--- Assigned task ---
Only the lines below from the one containing "Imagen 9 de" through the one containing "Theresa Valenzuela Photo" belong in the answer, set down exactly, with the pictures left out.

--- Data to examine ---
——————————

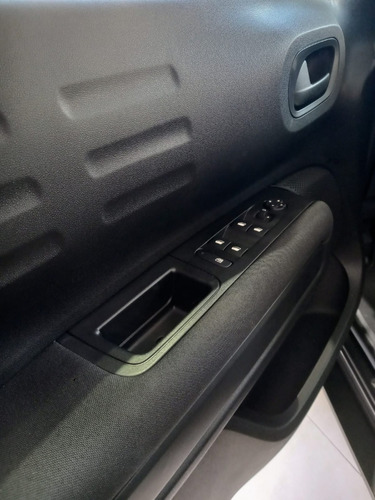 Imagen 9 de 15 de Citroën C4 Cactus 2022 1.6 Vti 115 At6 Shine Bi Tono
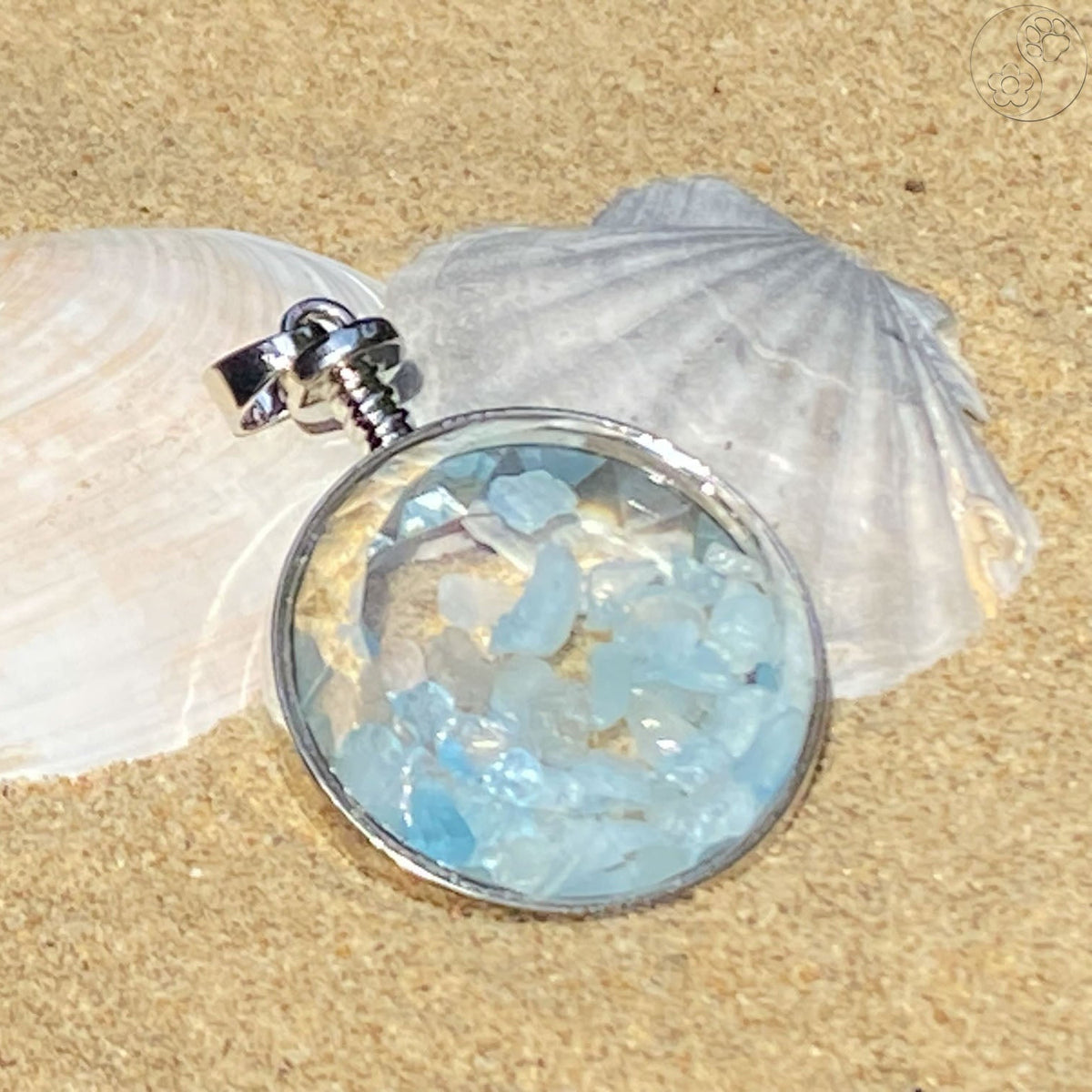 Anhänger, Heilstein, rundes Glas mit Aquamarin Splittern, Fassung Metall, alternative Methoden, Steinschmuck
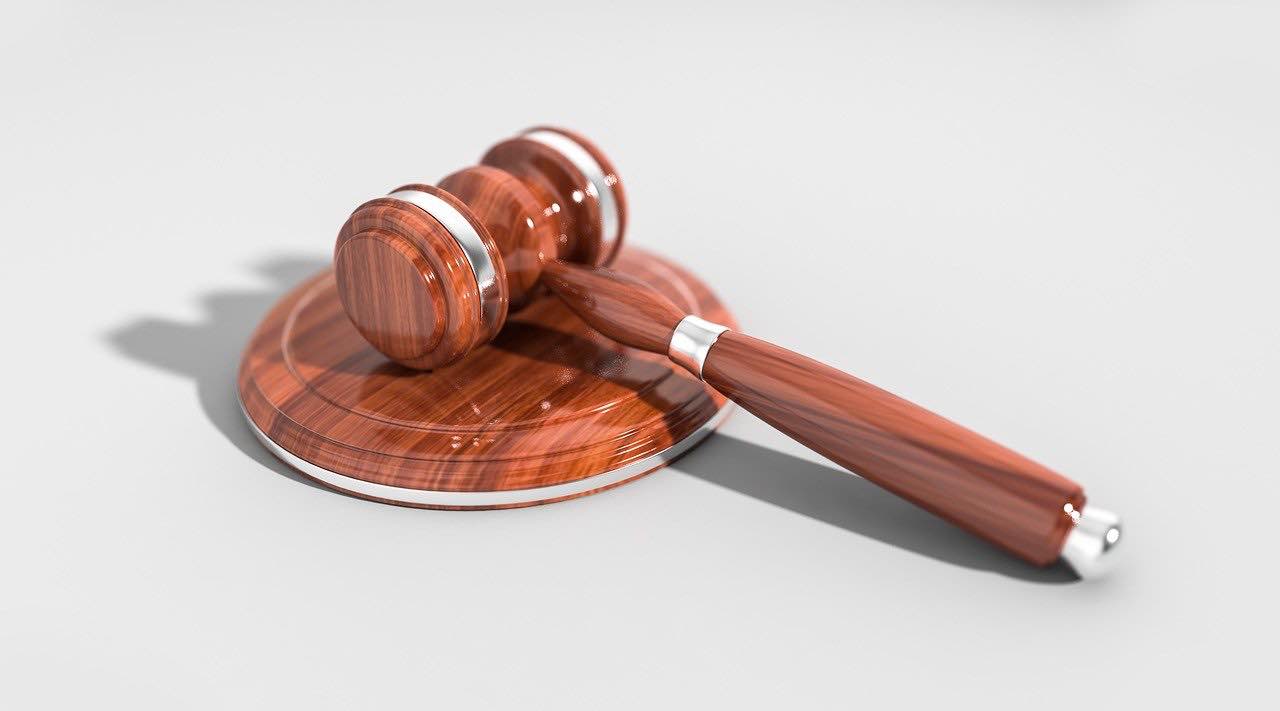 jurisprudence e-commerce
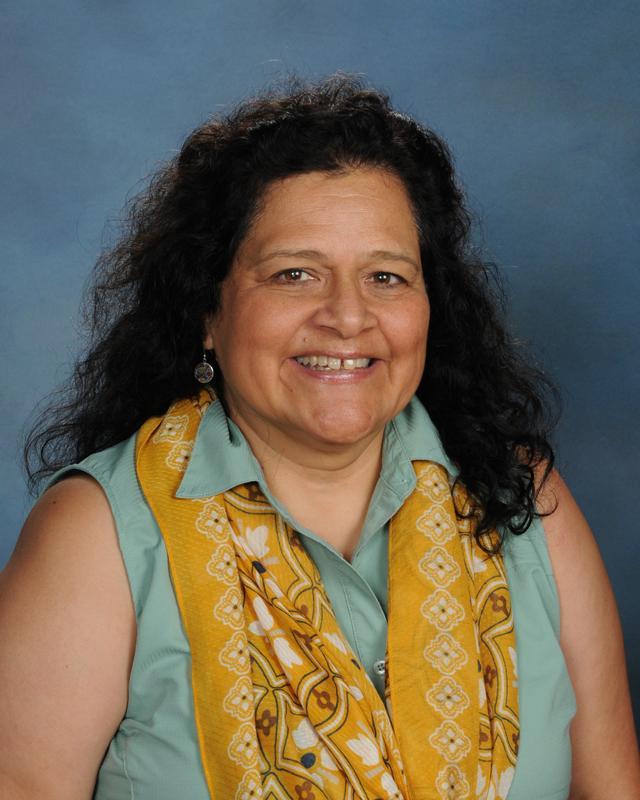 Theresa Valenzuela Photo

——————————

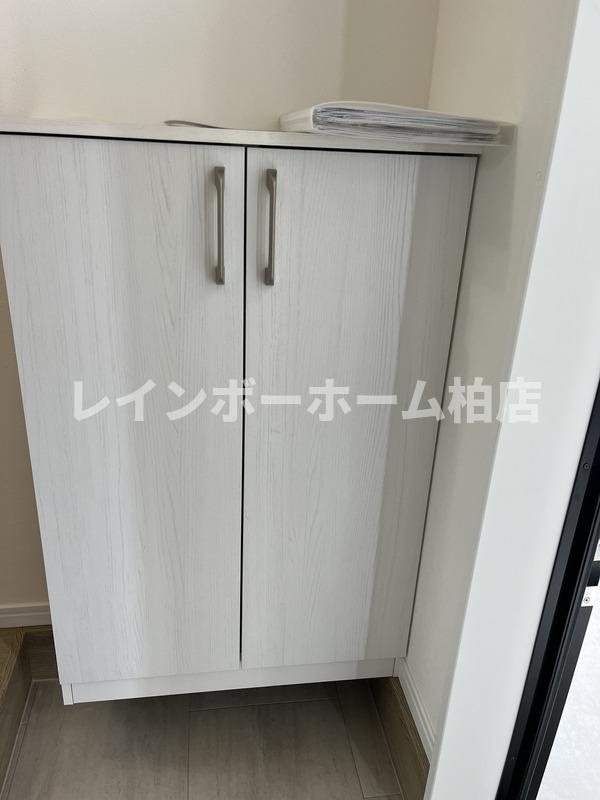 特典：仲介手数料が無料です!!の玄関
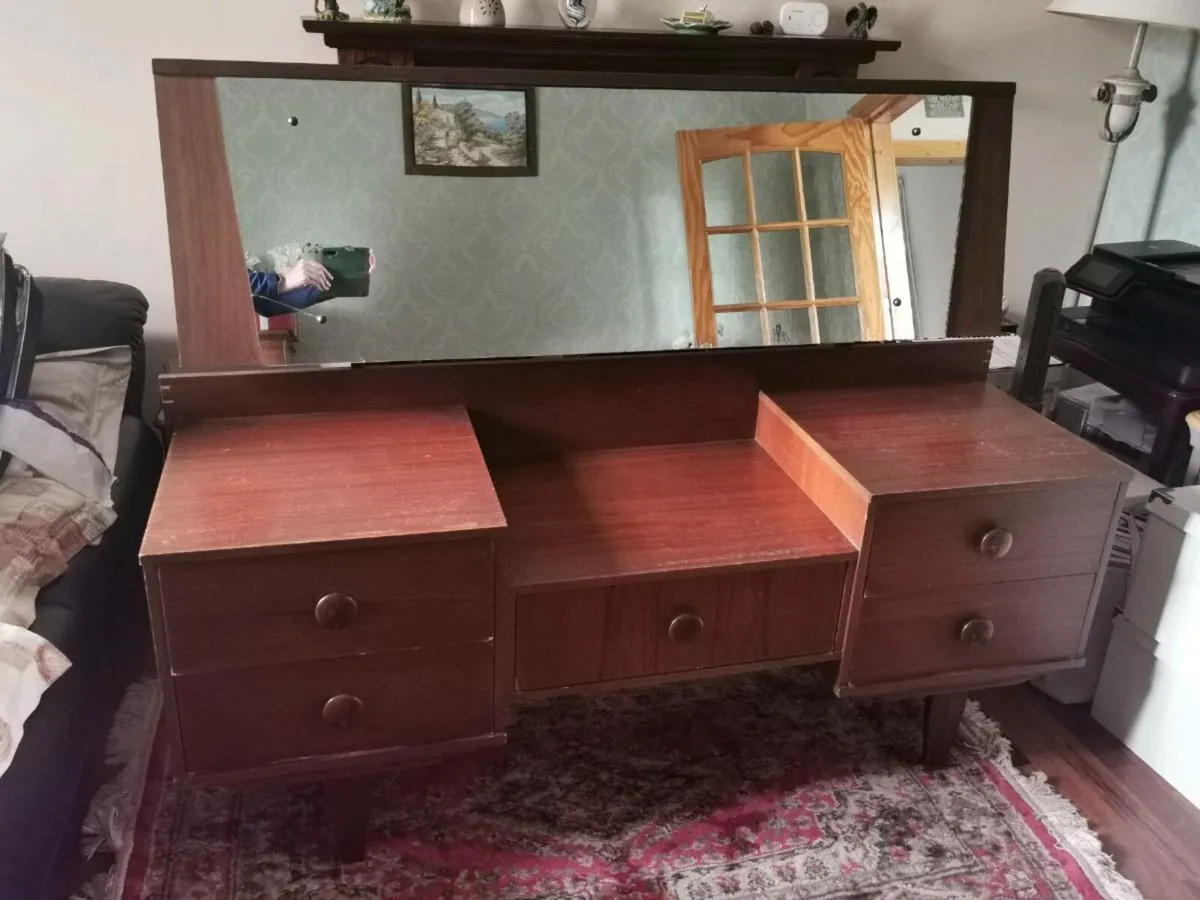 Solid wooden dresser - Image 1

——————————

--- Output ---
 Imagen 9 de 15 de Citroën C4 Cactus 2022 1.6 Vti 115 At6 Shine Bi Tono
 Anhänger, Heilstein, rundes Glas mit Aquamarin Splittern, Fassung Metall, alternative Methoden, Steinschmuck
 jurisprudence e-commerce
 Theresa Valenzuela Photo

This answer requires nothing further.